AI mark signals HIGHER quality
0.2%
AI mark signals NO DIFFERENCE in quality
2.6%
AI mark signals LOWER quality
97.3%
Poll ended at .
@sjn
The use of AI is not relevant for quality. One produces good or bad products with or without AI use.
It is definitely dependent on the human side, whether or not her/his homework is done. Let me say that I saw shitty code produced by humans and AI, as well as good enough code.

@gisgeek I think that strictly within the software development field, you may have a point - under the right circumstances.

Sadly, these tools aren't _only_ used for supporting highly skilled software developers.

Just take a look at your profile photo - clearly generated! What do you think this tells people about yourself?

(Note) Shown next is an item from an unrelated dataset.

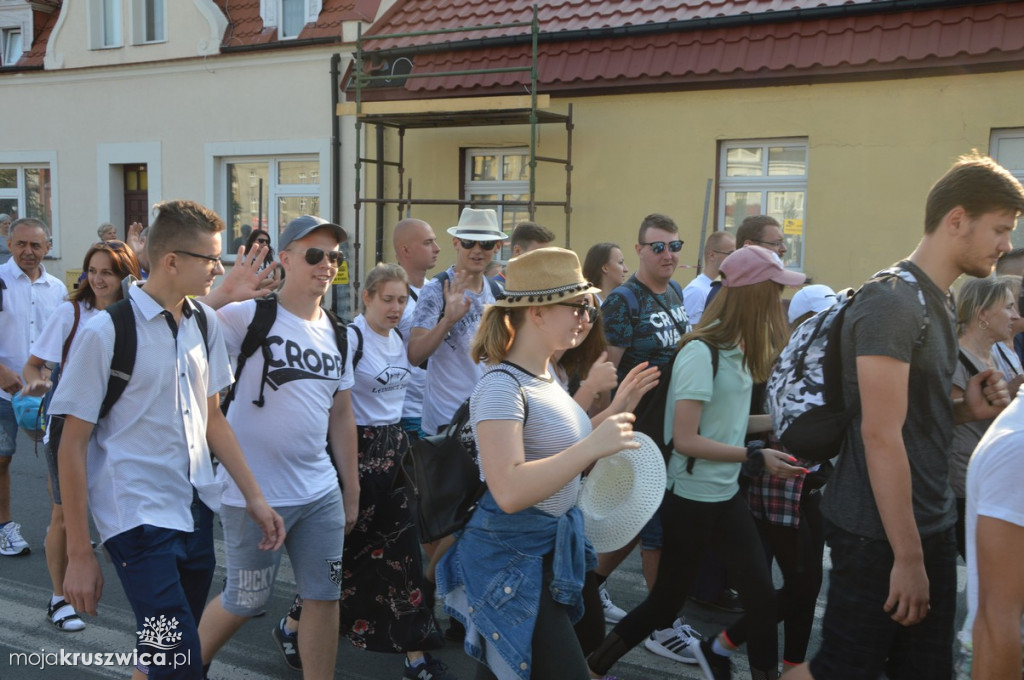 Pielgrzymi wyruszyli z Kruszwicy 2019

This is what I'm asking in the poll: Does the next person seeing that image associate it with a positive, negative, or no change in quality?

Makes you think, no?

@sjn @gisgeek "I think that strictly within the software development field, you may have a point - under the right circumstances." hard disagree, and honestly, people thinking that putting bits of already existing code together until it looks like it working is the same as software development is insulting to say the least.

Like, I can heap a lot of actual shit together in a river until stuff can pass to the other side and call it a bridge... but that doesn't make me an engineer.

@ainmosni @sjn @gisgeek

Funny thing is, this isn't even new. I had students in the past (~2008) who blatantly copied and pasted stack overflow solutions to a compiling program that almost did the things they wanted them to do.

Unfortunately these programs also did a lot more, a lot wrong and didn't show structure or a recognizable thought process behind it.

These students couldn't even describe what their code, that they claimed they wrote themselves, was supposed to do.

Feels a lot like vibe coding nowadays, with the main difference, that each if these students realized that they had to put in the effort to learn their basics to actually receive their grades (Most of them did) and it was part of their learning journey.

IMHO this stage of realization is missing with most vibe coders nowadays, so these people never actually start a learning journey.